- Task to complete: Begin at the first line below and copy each line exactly, ending with the line where "天然緬甸玉A貨-Z4190-路路通墜子直" appears.

- Study material:
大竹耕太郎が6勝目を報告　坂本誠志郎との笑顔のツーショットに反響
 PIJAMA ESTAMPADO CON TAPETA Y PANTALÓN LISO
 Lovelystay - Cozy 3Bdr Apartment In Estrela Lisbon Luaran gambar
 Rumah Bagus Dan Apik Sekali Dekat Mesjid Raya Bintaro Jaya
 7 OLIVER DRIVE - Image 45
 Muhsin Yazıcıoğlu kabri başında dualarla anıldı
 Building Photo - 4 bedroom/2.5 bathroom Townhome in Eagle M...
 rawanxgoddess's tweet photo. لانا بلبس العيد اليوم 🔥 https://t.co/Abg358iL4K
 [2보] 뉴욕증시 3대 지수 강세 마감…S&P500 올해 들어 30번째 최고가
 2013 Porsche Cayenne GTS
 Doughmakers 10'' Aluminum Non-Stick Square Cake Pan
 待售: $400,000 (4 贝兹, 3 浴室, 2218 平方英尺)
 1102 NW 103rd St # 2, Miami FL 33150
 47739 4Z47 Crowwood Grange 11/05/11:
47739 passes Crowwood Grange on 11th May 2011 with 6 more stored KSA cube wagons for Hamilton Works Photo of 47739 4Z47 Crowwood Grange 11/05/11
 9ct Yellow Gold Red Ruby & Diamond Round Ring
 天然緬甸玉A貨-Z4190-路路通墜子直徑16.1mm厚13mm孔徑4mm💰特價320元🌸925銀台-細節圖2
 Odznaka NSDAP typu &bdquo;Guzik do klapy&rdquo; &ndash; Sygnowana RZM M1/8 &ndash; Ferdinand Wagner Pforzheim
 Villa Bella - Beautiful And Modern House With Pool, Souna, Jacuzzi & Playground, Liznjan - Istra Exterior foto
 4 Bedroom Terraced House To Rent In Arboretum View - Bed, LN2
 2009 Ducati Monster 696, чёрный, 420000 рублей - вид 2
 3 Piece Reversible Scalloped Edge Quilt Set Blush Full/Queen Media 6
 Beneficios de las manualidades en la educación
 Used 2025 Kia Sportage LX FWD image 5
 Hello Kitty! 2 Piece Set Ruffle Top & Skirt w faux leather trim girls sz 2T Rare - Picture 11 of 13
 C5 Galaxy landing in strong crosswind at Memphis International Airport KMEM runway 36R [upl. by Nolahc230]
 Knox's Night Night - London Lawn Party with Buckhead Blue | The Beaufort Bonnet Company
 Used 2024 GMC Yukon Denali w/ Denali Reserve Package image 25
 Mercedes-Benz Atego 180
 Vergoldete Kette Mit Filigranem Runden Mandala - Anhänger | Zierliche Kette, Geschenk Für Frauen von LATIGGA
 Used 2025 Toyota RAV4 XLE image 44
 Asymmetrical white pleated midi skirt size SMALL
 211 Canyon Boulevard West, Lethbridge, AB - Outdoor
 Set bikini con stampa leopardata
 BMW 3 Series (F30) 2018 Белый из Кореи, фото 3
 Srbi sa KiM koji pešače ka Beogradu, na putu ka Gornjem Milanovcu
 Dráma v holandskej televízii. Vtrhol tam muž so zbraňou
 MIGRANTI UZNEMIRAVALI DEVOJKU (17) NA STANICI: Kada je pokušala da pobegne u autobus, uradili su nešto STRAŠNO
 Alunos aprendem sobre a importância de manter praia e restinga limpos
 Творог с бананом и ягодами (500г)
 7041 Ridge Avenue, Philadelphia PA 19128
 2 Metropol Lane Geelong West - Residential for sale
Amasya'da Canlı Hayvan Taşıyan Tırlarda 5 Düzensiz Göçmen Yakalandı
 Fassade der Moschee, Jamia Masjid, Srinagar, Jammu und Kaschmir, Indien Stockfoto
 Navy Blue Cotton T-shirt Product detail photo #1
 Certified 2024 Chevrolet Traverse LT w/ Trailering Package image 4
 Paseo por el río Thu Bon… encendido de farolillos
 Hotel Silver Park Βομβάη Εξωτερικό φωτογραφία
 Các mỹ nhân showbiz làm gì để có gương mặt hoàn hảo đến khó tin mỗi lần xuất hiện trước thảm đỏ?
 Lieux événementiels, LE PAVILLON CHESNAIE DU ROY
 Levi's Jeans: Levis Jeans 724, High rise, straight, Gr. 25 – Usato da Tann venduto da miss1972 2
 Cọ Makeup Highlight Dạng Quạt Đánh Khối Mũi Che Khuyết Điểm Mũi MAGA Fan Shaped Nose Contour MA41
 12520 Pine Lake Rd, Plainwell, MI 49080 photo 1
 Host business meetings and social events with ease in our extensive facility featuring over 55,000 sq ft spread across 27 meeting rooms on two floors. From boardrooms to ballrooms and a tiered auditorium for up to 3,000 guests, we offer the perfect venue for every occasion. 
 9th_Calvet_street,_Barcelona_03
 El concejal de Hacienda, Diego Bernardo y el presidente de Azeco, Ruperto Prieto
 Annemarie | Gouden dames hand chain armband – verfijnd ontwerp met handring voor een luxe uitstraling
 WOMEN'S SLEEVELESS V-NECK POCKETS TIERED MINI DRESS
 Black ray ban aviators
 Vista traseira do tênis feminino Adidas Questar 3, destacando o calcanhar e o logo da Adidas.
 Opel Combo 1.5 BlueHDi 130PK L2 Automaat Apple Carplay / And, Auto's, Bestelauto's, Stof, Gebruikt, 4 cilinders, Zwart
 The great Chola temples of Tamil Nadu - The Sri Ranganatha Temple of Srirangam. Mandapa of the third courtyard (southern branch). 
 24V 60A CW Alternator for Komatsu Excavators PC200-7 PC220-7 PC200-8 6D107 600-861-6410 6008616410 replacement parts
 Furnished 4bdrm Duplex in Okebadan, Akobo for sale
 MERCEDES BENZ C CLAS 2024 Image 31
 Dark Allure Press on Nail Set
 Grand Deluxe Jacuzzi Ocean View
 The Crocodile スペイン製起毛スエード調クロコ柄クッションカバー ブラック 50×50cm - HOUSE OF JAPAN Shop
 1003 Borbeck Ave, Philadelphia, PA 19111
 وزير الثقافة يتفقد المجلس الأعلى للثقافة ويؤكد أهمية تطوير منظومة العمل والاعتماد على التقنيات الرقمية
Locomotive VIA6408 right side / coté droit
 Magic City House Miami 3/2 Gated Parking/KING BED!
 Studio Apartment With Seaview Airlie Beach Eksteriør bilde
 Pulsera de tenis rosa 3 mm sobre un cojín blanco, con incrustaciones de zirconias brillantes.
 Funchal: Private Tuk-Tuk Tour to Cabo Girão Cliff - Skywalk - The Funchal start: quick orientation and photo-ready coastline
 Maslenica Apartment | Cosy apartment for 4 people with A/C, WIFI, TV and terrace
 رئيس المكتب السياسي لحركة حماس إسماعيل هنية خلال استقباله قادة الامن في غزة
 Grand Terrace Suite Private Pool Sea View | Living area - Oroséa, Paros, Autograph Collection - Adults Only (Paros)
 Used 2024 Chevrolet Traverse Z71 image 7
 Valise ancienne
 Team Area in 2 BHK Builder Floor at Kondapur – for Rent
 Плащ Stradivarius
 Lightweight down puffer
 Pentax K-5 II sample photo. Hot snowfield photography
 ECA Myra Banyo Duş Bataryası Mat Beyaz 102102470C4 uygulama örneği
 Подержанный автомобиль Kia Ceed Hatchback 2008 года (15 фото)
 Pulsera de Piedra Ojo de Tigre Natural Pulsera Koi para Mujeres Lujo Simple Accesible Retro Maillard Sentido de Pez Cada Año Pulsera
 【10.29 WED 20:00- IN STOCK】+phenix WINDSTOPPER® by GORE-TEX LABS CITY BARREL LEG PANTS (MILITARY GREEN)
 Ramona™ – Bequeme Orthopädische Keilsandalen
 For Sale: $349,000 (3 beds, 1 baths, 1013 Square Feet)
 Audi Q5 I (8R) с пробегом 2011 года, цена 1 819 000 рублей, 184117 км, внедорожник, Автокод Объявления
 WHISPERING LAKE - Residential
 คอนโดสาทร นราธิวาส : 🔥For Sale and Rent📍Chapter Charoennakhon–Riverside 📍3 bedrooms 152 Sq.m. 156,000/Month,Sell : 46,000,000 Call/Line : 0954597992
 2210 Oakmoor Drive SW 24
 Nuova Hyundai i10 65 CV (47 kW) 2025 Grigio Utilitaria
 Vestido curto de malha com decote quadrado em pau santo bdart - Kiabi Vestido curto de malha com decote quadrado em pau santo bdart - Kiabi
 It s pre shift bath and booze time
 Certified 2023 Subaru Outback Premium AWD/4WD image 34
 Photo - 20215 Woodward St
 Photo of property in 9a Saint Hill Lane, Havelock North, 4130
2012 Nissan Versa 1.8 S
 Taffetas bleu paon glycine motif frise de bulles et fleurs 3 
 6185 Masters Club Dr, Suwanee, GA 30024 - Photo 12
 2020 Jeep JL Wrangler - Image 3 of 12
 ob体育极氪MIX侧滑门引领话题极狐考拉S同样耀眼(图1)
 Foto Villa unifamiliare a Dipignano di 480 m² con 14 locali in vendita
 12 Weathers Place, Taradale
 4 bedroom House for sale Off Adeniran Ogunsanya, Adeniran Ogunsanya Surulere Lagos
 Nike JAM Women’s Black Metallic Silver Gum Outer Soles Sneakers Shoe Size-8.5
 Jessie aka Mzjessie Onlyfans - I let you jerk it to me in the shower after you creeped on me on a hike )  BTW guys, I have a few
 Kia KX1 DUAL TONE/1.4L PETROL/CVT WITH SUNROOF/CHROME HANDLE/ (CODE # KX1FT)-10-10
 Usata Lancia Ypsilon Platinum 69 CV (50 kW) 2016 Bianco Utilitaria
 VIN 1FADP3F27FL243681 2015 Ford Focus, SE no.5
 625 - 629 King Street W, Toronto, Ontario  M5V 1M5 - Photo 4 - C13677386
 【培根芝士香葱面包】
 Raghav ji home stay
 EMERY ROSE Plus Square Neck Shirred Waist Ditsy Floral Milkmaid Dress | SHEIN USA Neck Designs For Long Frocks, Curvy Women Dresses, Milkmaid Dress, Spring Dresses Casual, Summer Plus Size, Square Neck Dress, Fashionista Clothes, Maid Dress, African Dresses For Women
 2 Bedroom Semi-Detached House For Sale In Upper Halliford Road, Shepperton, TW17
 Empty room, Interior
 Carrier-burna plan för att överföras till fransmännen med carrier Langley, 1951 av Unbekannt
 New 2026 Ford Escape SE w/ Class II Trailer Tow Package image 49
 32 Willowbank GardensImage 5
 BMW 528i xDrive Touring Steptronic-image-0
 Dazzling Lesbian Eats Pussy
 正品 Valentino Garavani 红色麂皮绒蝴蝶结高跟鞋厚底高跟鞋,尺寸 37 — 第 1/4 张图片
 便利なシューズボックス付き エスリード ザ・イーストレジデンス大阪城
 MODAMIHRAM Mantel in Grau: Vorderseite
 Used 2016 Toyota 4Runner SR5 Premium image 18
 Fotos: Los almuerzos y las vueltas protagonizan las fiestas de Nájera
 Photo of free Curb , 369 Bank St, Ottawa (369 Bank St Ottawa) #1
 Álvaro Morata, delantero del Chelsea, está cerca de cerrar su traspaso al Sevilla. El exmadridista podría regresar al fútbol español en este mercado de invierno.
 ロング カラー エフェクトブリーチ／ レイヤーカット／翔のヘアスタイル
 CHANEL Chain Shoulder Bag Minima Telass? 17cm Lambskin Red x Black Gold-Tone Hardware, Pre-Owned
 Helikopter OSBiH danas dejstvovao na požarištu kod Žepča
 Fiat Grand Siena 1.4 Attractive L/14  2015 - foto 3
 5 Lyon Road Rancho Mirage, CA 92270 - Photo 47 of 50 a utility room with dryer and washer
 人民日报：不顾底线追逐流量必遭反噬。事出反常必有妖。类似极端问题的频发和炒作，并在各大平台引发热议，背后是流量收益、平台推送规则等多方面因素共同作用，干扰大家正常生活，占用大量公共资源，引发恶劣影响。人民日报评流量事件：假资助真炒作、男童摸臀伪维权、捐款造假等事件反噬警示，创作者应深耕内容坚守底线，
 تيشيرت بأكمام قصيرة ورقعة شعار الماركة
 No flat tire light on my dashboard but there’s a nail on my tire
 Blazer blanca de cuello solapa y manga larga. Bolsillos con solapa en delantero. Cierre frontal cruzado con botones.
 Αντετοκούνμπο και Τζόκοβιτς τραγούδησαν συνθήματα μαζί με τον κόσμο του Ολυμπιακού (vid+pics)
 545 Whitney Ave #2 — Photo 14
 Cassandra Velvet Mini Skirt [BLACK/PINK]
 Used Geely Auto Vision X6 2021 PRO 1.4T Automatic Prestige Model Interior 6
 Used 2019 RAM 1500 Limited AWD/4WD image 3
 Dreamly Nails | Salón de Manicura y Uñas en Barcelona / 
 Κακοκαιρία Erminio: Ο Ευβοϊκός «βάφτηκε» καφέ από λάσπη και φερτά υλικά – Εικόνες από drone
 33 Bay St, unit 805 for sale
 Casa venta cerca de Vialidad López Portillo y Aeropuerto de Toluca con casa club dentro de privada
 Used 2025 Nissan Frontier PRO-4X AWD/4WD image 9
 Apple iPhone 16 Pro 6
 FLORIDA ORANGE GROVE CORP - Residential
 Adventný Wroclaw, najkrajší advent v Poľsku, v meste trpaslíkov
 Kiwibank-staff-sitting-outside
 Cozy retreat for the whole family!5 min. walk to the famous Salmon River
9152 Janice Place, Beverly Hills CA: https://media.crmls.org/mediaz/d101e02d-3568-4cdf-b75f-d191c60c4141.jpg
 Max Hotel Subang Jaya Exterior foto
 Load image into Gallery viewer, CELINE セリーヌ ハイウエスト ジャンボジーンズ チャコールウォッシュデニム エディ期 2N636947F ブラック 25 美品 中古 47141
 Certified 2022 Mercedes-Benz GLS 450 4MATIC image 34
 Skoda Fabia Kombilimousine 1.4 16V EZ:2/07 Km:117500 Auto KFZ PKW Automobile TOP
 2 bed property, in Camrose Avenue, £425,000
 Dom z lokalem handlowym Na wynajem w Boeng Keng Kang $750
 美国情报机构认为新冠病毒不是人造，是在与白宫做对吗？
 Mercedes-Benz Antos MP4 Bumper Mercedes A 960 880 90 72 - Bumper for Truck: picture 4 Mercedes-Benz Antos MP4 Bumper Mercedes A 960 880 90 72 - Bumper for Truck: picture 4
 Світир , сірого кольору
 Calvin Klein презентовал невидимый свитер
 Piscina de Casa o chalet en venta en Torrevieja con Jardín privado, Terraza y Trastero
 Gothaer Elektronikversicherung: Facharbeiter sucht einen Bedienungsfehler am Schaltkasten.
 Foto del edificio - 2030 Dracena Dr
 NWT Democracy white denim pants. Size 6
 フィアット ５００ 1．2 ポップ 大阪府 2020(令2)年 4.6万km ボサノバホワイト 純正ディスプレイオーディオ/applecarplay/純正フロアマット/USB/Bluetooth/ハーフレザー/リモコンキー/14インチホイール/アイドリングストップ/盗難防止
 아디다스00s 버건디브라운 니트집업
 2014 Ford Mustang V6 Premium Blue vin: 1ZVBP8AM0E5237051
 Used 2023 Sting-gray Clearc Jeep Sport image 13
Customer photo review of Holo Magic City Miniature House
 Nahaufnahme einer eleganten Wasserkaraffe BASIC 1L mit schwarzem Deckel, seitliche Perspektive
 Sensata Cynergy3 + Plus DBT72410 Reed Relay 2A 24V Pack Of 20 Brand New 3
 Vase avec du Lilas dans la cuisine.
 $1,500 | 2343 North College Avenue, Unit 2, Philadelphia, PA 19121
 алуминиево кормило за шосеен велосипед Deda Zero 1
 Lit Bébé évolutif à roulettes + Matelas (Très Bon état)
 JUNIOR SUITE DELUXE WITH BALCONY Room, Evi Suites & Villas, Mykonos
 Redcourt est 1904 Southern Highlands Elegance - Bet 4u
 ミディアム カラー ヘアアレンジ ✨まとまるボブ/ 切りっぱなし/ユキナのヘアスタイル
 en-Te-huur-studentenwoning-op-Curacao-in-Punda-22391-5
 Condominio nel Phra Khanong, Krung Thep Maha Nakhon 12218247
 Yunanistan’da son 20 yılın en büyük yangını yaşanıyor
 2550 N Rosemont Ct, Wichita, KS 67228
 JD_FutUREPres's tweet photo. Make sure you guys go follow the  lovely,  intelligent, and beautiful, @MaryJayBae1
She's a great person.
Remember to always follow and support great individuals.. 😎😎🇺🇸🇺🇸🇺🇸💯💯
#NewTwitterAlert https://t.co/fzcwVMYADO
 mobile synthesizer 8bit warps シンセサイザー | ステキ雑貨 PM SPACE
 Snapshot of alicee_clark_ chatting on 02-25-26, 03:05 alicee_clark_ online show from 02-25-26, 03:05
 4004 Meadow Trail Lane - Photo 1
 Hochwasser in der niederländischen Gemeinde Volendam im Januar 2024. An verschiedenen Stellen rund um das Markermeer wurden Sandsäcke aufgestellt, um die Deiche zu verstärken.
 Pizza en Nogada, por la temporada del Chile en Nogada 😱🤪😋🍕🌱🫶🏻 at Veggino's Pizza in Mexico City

- Answer to this exercise:
大竹耕太郎が6勝目を報告　坂本誠志郎との笑顔のツーショットに反響
 PIJAMA ESTAMPADO CON TAPETA Y PANTALÓN LISO
 Lovelystay - Cozy 3Bdr Apartment In Estrela Lisbon Luaran gambar
 Rumah Bagus Dan Apik Sekali Dekat Mesjid Raya Bintaro Jaya
 7 OLIVER DRIVE - Image 45
 Muhsin Yazıcıoğlu kabri başında dualarla anıldı
 Building Photo - 4 bedroom/2.5 bathroom Townhome in Eagle M...
 rawanxgoddess's tweet photo. لانا بلبس العيد اليوم 🔥 https://t.co/Abg358iL4K
 [2보] 뉴욕증시 3대 지수 강세 마감…S&P500 올해 들어 30번째 최고가
 2013 Porsche Cayenne GTS
 Doughmakers 10'' Aluminum Non-Stick Square Cake Pan
 待售: $400,000 (4 贝兹, 3 浴室, 2218 平方英尺)
 1102 NW 103rd St # 2, Miami FL 33150
 47739 4Z47 Crowwood Grange 11/05/11:
47739 passes Crowwood Grange on 11th May 2011 with 6 more stored KSA cube wagons for Hamilton Works Photo of 47739 4Z47 Crowwood Grange 11/05/11
 9ct Yellow Gold Red Ruby & Diamond Round Ring
 天然緬甸玉A貨-Z4190-路路通墜子直徑16.1mm厚13mm孔徑4mm💰特價320元🌸925銀台-細節圖2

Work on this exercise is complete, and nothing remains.